Ms. Razzaghi represents NASA's interests and negotiates mission and institutional requirements with senior Caltech/JPL officials, manages government property and construction projects at the JPL facility, provides legal support regarding NASA patent and technology transfer issues, and manages contract activities related to the Small Business Innovative Research Program, She also coordinates the JPL performance evaluation process and manages activities related to the NASA contracts with the Australia and Spain for NASA's Deep Space Network facilities in these two countries.
Ms. Razzaghi grew up in the Washington, DC, area, and spent her early years not far from Catholic University’s campus.

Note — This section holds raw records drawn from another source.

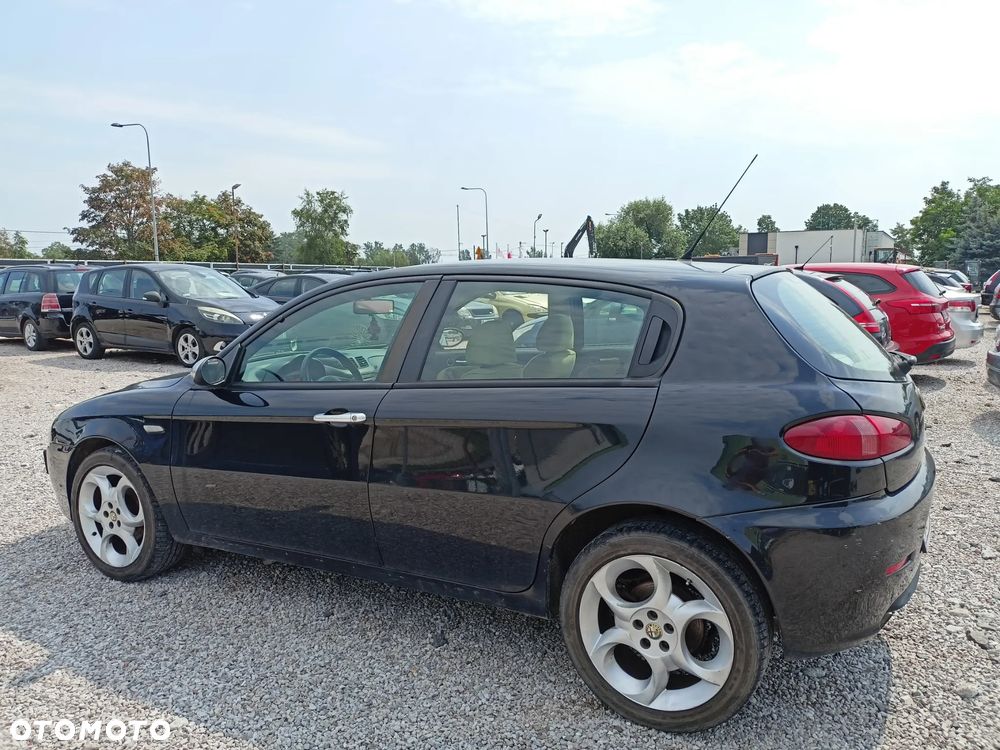 Alfa Romeo 147 - 3
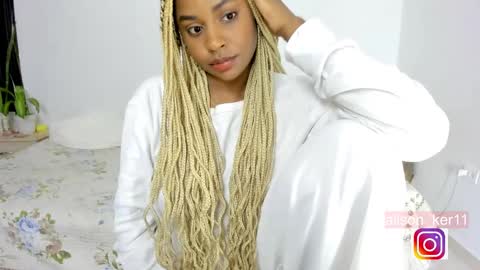 Snapshot of alison_ker chatting on January 2025 11:10:01 AM Sofias house online show from January 2025 11:10:01 AM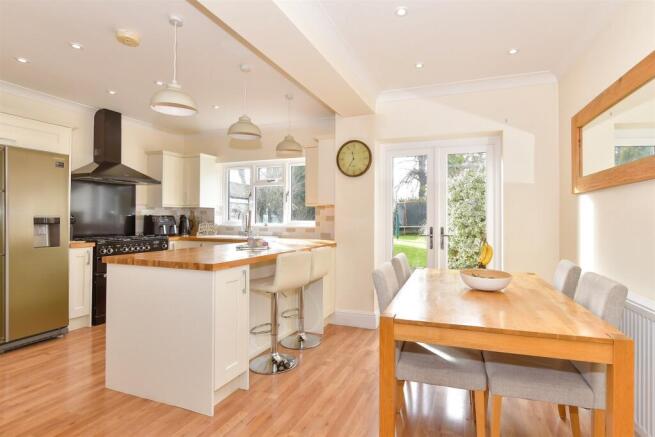 Kitchen/Dining Area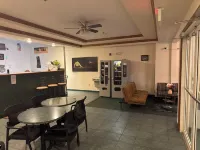 Highland Inn Peculiar Hotels in Raymore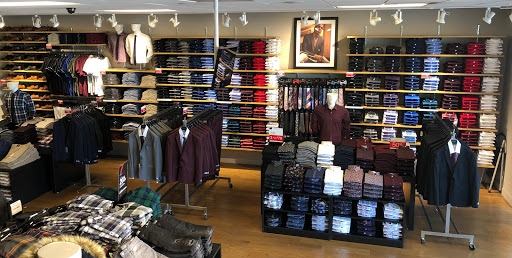 Outlet Store «Express Factory Outlet», reviews and photos, 4015 S Interstate Hwy 35, San Marcos, TX 78666, USA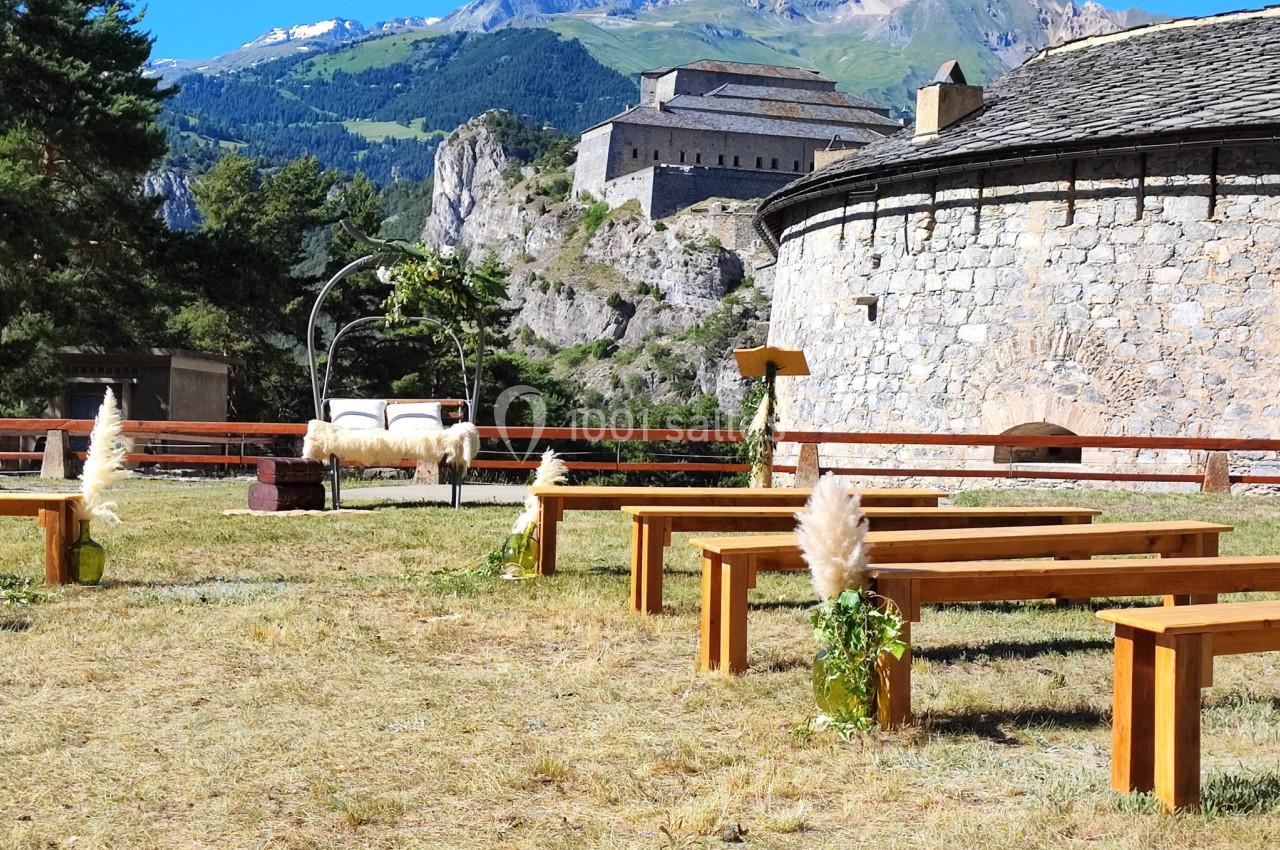 cérémonie sur l'esplanade avec vue sur les forts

She studied mechanical engineering at Brown University, and later earned her master’s degree in the same discipline from the Catholic University of America.
After working in private industry as a Navy contractor, she began her NASA career at the Goddard Space Flight Center, where she contributed to successful missions including the Cosmic Background Explorer, which provided evidence to support the Big Bang theory and led to a Nobel Prize for its principal investigators; and Cassini, which conducted a spectacular 13-year exploration of the Saturn system. Razzaghi advanced at Goddard to hold several key project management positions on successful missions, including Mission Manager for the Wide-field Infrared Survey Explorer and the Nuclear Spectroscopic Telescope Array, Observatory Manager for Earth Observing System Aura, and Instrument Manager on the Tropical Rainfall Measuring Mission.

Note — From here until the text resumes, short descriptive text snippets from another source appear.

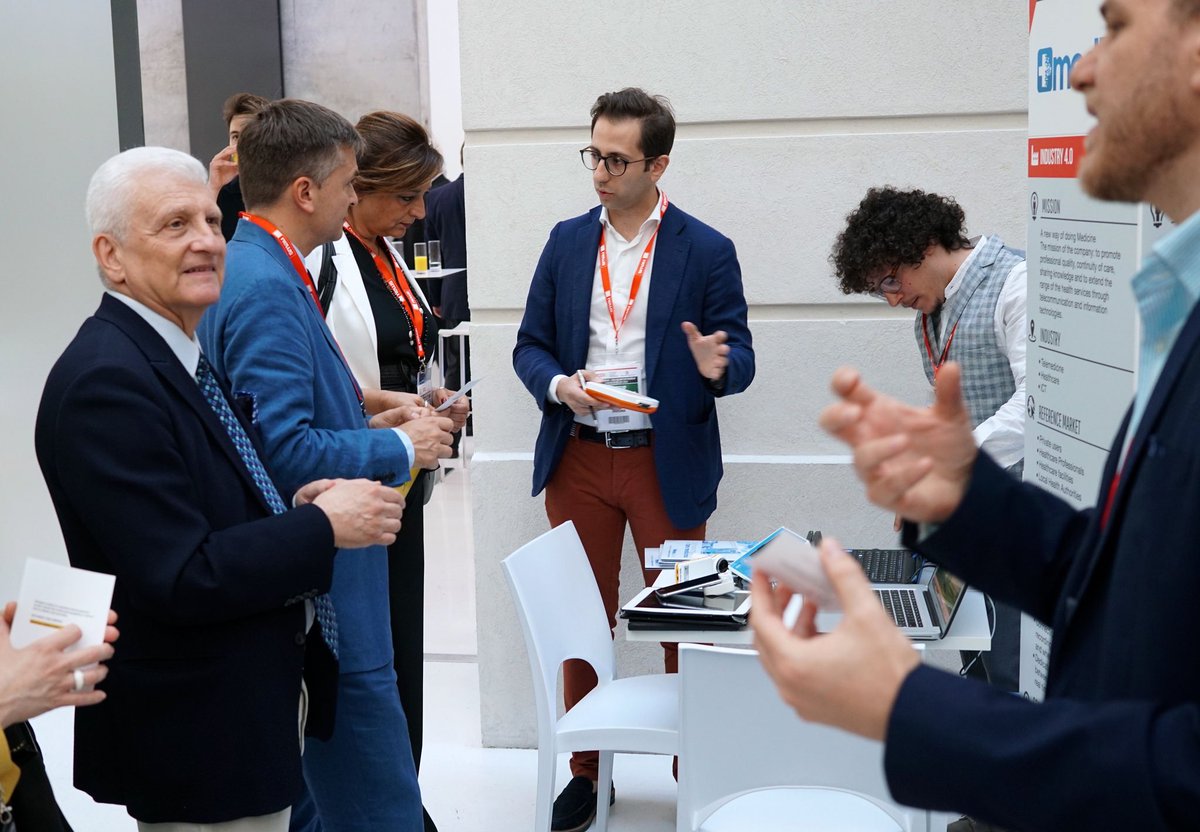 smaunotes's tweet photo. Teleconsulto medico h24? E' possibile con @Medea_srl presentata anche al Welfare Innovation Lab di @LombardiaOnLine https://t.co/kUZyLeDbdH https://t.co/2Mder91hL6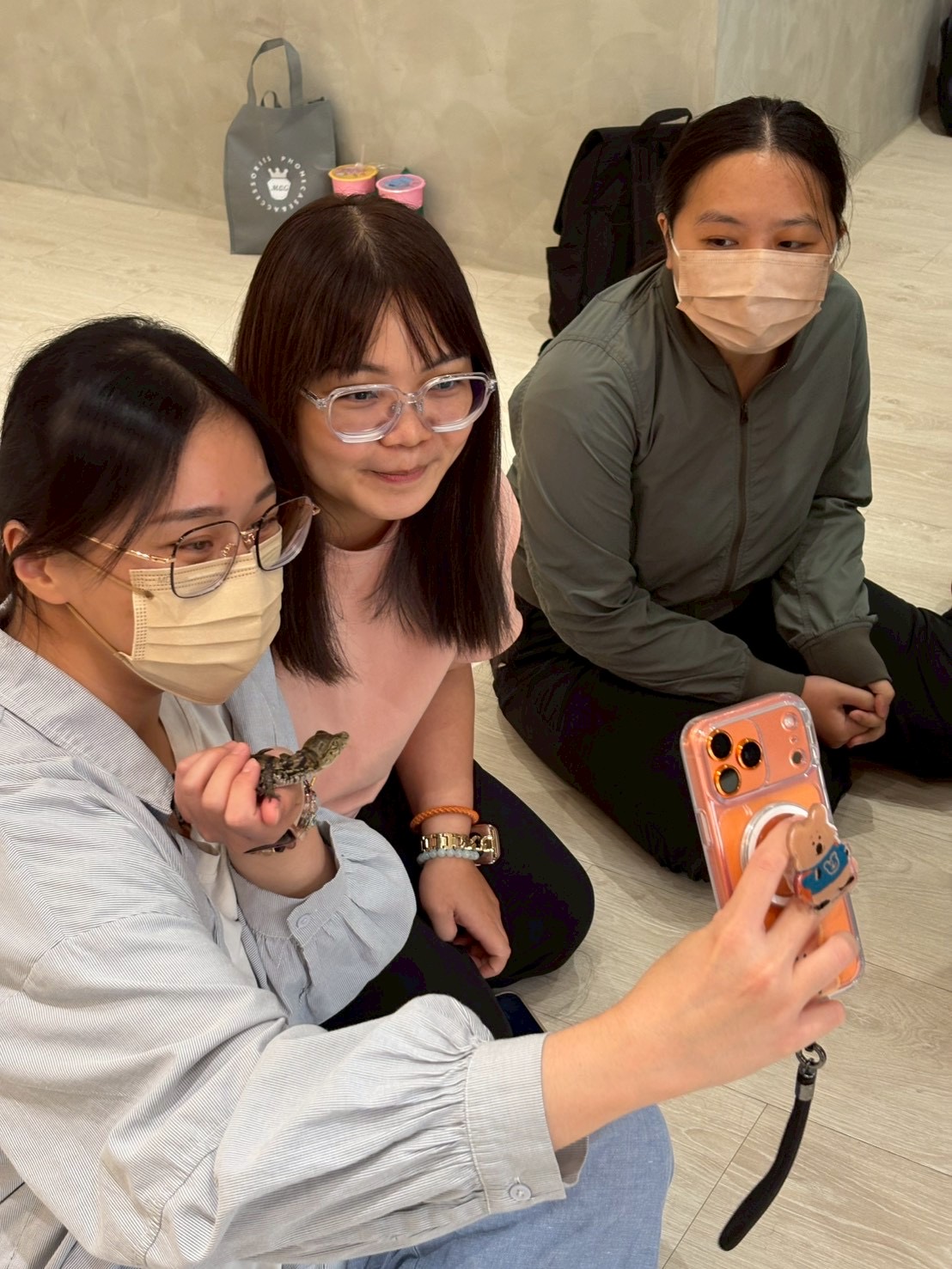 59F18282-BD85-45F0-9725-3242133C7681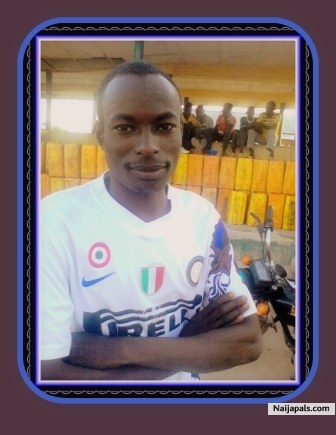 maxi - click for next photo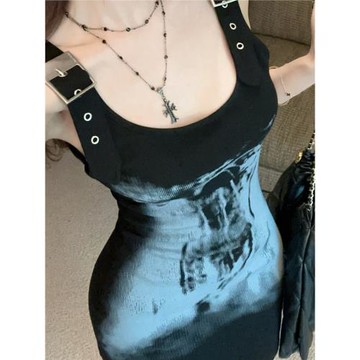 黑色吊帶連衣裙女夏季氣質無袖復古印花金屬扣裝飾辣妹風包臀短裙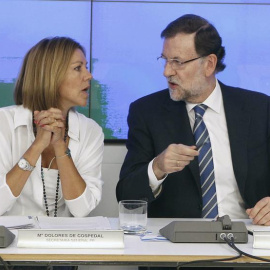 El presidente del Gobierno, Mariano Rajoy, conversa con la secretaria general del PP, María Dolores de Cospedal, al inicio de la reunión hoy del Comité Ejecutivo del partido a tres semanas de las elecciones del 27S, que afrontan con el ánim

In the mid-1990s, she served as a Senior Policy Analyst in the White House Office of Science and Technology Policy, where she coordinated the activities of the National Science and Technology Council and the President’s Council of Advisors on Science and Technology.
Razzaghi joined NASA Headquarters in 2010 to serve as the Assistant Director for Planetary Science. She oversaw and played a significant role in many exciting mission milestones, including two comet encounters, planetary launches for Juno to Jupiter, GRAIL to the moon, and the Mars Science Laboratory.

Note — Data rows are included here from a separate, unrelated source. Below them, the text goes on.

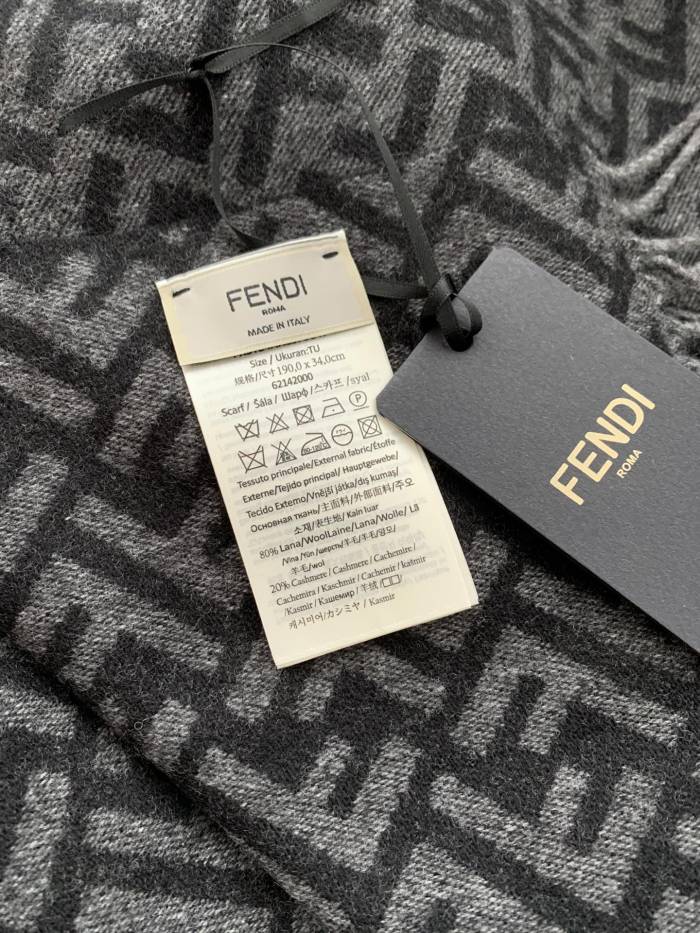 202211SS新作Fendi フェンディ レディースマフラースーパーコピー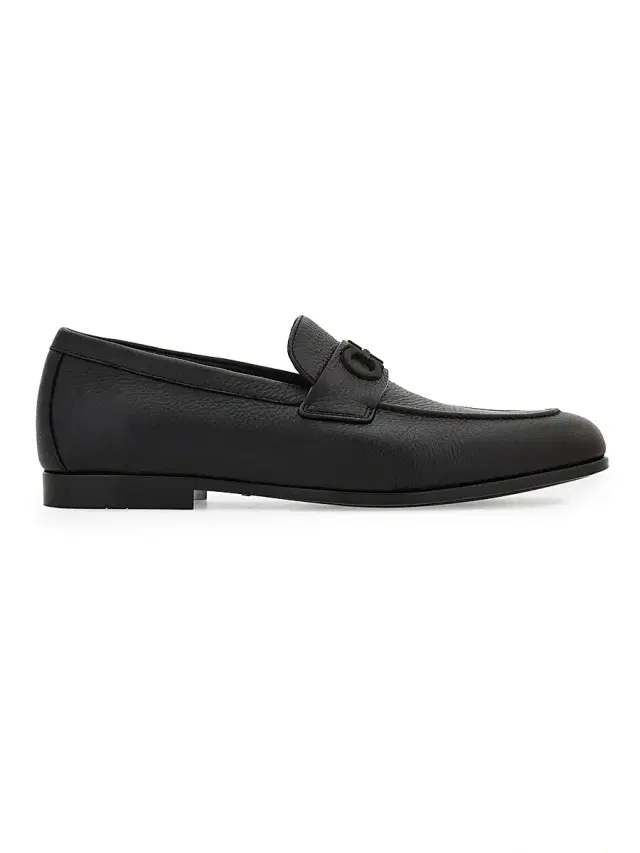 FERRAGAMO Men's Gancini Leather Loafers - Nero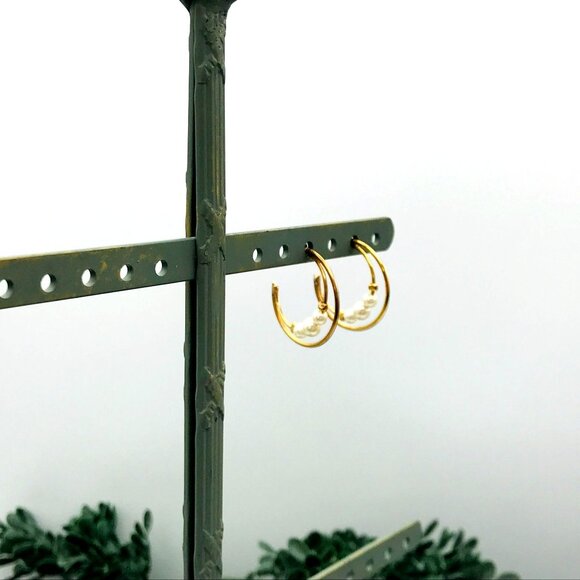 Vintage Style Gold Tone Hoop Earrings With Faux Pearl Detailing - Picture 5 of 6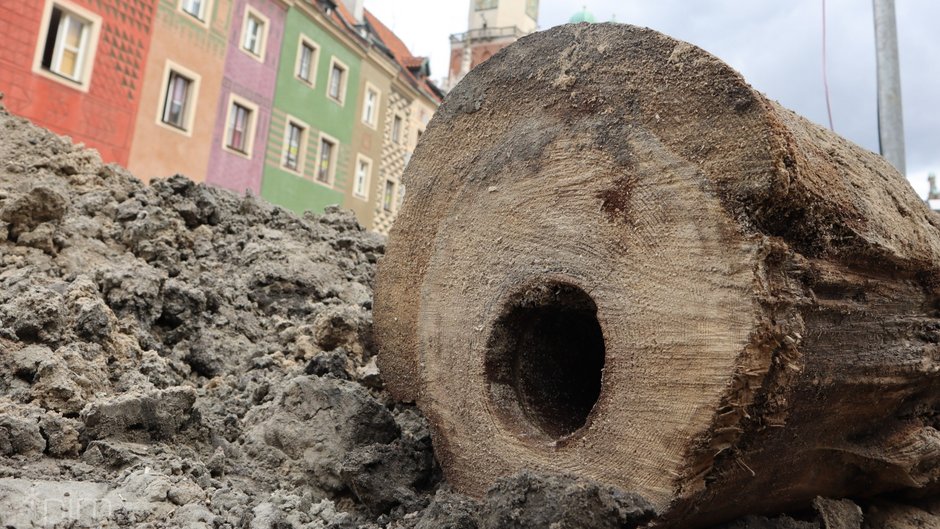 Na Starym Rynku odkryto rury wodociągowe sprzed 400 lat i stację transformatorową sprzed II wojny światowej fot. PIM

She also oversaw the start of science operations of several missions: MESSENGER at Mercury, Dawn at the asteroid Vesta, and the Curiosity rover on the surface of Mars, following a historic landing. From 2012 to 2018 Razzaghi served as NASA’s Deputy Director of Astrophysics where she provided executive leadership, strategic direction, and overall management of the Agency’s astrophysics programs and projects. She oversaw the Agency’s research programs and missions necessary to discover how the Universe works, explore how the Universe began and developed into its present form, and search for Earth-size planets outside of our Solar System. Razzaghi managed a portfolio up to $1.5 billion per year, with over 20 NASA missions and international partnerships, including NASA’s first Exoplanet mission, Kepler, and the nation’s Great Observatories in space: Hubble, Chandra, and Spitzer.
Important Mission milestones accomplished under her leadership include successful development and launches of the Neutron Star Interior Composition Explorer and Transiting Exoplanet Survey Satellite missions; delivery of NASA’s contributions to the Japan Aerospace Exploration Agency’s Hitomi mission and the European Space Agency’s Laser Interferometer Space Antenna Pathfinder missions; completion of development and transition to the science operations for the Stratospheric Observatory for Infrared Astronomy (SOFIA) mission; and the official start and formulation of the Nancy Grace Roman Space Telescope.
Razzaghi was appointed to her current role as deputy director of the NASA Management Office at JPL in September 2019 following a one-year detail as NMO associate director. She divides her time between California and Washington, DC.
In recognition of her outstanding career in service to our nation and our human drive to explore our universe, the Catholic University of America is pleased to present Andrea Razzaghi with the 2020 Engineering Distinguished Alumni Award.